Tudo praticamente já foi escrito sobre Mário Soares e sobre o que ele
significou para a democracia portuguesa e como ele nos ajudou a combater as
derivas pseudorevolucionárias. Resta-me neste tributo singelo, focar-me em dois
temas.
Em primeiro lugar, gosto de personalidades que amem a vida, que a vivam com
paixão, elegância e entusiasmo, e que tragam para a política essa maneira de
estar, sendo genuínos, intuitivos, frontais, inteiros, cultos, não enjeitando o
confronto e não dissimulados, deprimidos, formais bafientos, cinzentos. Soares
estava no grupo restrito dos primeiros, fazer política era tão natural como passar
pela velha Sá da Costa no Chiado ara comprar um livro ou simplesmente para
conversar, deliciar-se perante um quadro de Pomar ou falar com um dos nomes
mais sonantes da política estrangeira, como Mitterand, Olof Palme ou outro qualquer.
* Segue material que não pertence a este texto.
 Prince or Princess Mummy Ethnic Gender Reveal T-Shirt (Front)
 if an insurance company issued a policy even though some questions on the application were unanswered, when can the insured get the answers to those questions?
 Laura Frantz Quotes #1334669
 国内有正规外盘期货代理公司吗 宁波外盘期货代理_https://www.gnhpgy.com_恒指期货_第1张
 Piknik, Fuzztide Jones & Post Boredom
O texto de Teresa de Sousa no Público de hoje é exemplar nessa vertente. A política
portuguesa não terá a mesma naturalidade.
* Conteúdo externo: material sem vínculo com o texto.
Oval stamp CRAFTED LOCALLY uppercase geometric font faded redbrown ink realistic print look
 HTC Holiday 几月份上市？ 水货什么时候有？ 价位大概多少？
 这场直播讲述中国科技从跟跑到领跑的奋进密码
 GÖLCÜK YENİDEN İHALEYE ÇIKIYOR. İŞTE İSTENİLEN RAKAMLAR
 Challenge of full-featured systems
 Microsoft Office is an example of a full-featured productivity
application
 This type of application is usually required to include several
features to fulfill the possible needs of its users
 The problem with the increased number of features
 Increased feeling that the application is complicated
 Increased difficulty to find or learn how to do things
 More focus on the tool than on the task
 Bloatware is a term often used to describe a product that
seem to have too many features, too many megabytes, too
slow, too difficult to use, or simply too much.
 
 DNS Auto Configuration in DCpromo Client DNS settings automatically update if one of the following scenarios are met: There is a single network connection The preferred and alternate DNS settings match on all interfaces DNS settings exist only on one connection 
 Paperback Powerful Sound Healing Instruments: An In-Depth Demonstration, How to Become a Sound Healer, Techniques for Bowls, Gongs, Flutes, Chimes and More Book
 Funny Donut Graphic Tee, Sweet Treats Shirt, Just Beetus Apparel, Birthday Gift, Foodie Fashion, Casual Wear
O segundo tema tem que ver com o legado de Soares, que Marcelo e Sampaio tão
bem registaram, o primeiro na sua comunicação, o segundo em texto hoje também no
Público em edição especial. Os três objetivos colocados por Soares no Portugal
Amordaçado, democratizar o país abatendo o regime de Salazar e Caetano, descolonizar
e assegurar a integração na Europa foram por ele concretizados. Mesmo que o ódio
contra a descolonização circule ainda por aí, a história futura mostrará que,
nas condições concretas da época, dificilmente poderia ter sido encontrada uma
outra saída, sobretudo atendendo ao prolongamento desmesurado da guerra. Todos
os restantes foram concretizados e a Voz de Soares foi algo de decisivo na
Europa que então se construía.
Mas há um legado que fica para nossa própria responsabilidade. Soares
intuiu e escreveu abundantemente sobre isso que a Europa dos últimos tempos não
era a sua Europa e dos seus amigos de referência. Mas também compreendeu que
isso era em parte a consequência da social-democracia e do socialismo democrático
não terem compreendido a globalização e a necessidade de a recompor. A sua VOZ
já enfraquecida foi das primeiras a denunciar a degenerescência tecnocrática do
projeto Europeu e a reconhecer a necessidade de um outro rumo para a globalização.
Soares fez o que estava ao seu alcance, indignando-se e como é importante a
indignação vinda de VOZES que construíram e se bateram por alguma coisa.
Essa responsabilidade é nossa.
Seria bonito que nos empenhássemos na busca dessas alternativas como forma de
honrar a personalidade, o amar a vida e a VOZ de Soares.